(Recorded information Opens)

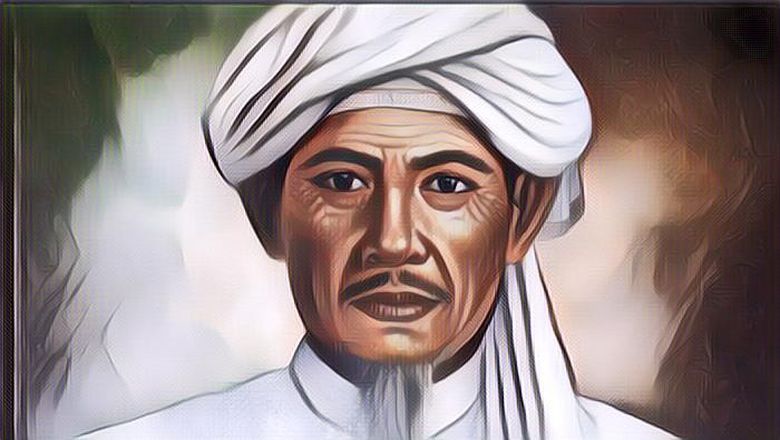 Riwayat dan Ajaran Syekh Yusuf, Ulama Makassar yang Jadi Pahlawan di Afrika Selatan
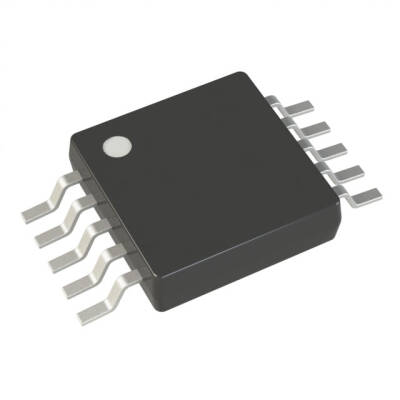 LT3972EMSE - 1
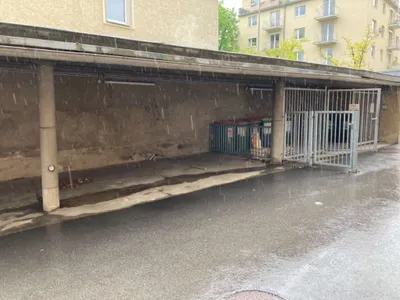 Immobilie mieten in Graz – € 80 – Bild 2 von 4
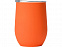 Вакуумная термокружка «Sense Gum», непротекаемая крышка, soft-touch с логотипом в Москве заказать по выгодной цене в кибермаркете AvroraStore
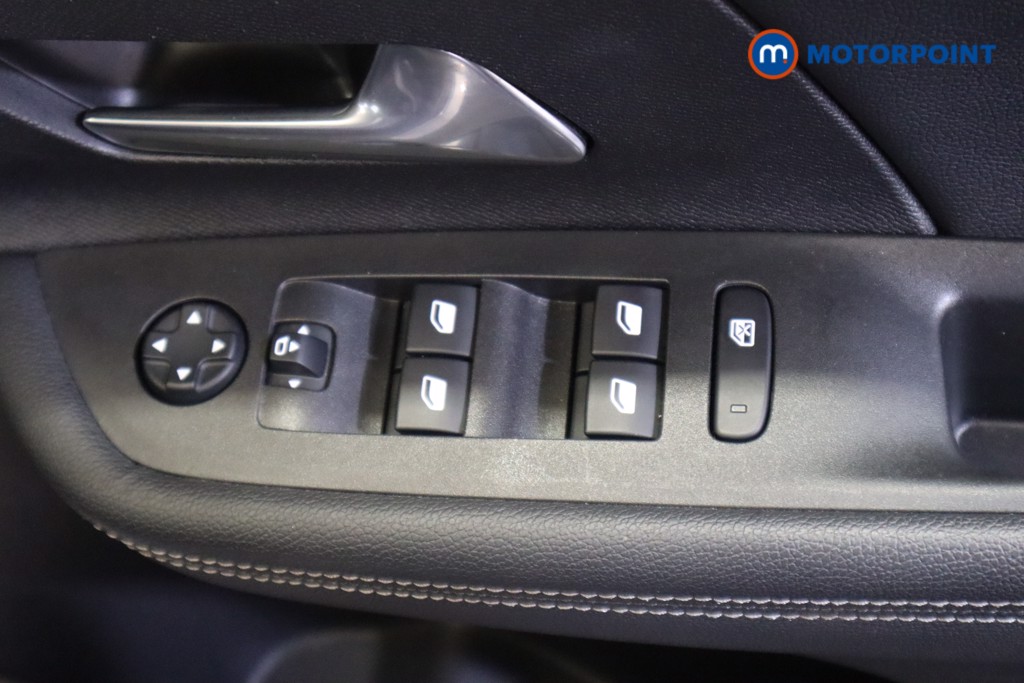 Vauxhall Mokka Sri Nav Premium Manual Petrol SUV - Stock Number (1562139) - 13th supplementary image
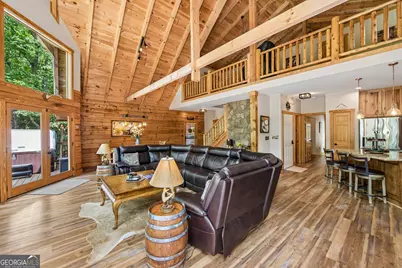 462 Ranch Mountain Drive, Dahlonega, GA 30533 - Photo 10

(Recorded information Closes)

Copy every line of the data word for word, omitting the images.

 Riwayat dan Ajaran Syekh Yusuf, Ulama Makassar yang Jadi Pahlawan di Afrika Selatan
 LT3972EMSE - 1
 Immobilie mieten in Graz – € 80 – Bild 2 von 4
 Вакуумная термокружка «Sense Gum», непротекаемая крышка, soft-touch с логотипом в Москве заказать по выгодной цене в кибермаркете AvroraStore
 Vauxhall Mokka Sri Nav Premium Manual Petrol SUV - Stock Number (1562139) - 13th supplementary image
 462 Ranch Mountain Drive, Dahlonega, GA 30533 - Photo 10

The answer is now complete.